Your goal
Once you find the line with "Christmas Stockings And" in the listing below, please repeat it and every later line exactly, through the last one, without pictures.

Information provided
......
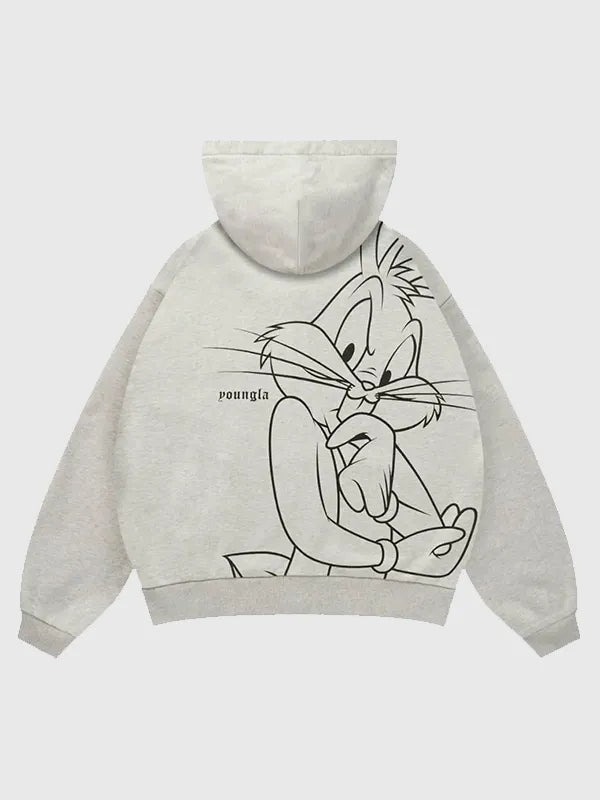 YoungLA x Looney Tunes Plaid Zip-Up Hoodie Hoodie unisex detail view 6 | Dash Racegear — Full-zip YoungLA hoodie featuring classic plaid styling and bold Looney Tunes-inspired graphics.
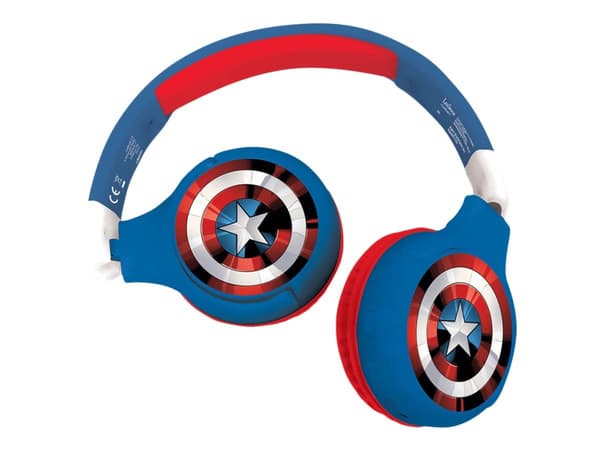 Lexibook The Avengers HPBT010AV - Kuulokkeet - korvalla - Bluetooth - langaton, kaapeli - 3,5 mm jakki - sininen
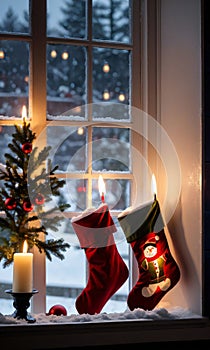 Christmas Stockings And A Snowy Window Illuminated By Candleligh. Generative AI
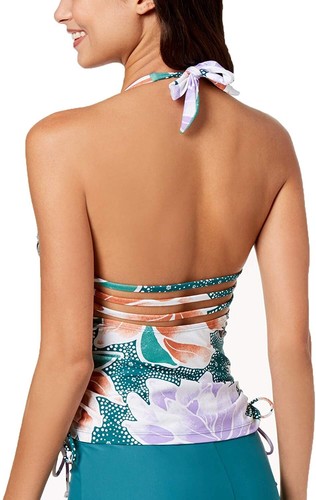 Hula 259462 Honey Juniors' Women Printed Side-Tie Tankini Top Size Large - Picture 2 of 2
......
Solution below
 Christmas Stockings And A Snowy Window Illuminated By Candleligh. Generative AI
 Hula 259462 Honey Juniors' Women Printed Side-Tie Tankini Top Size Large - Picture 2 of 2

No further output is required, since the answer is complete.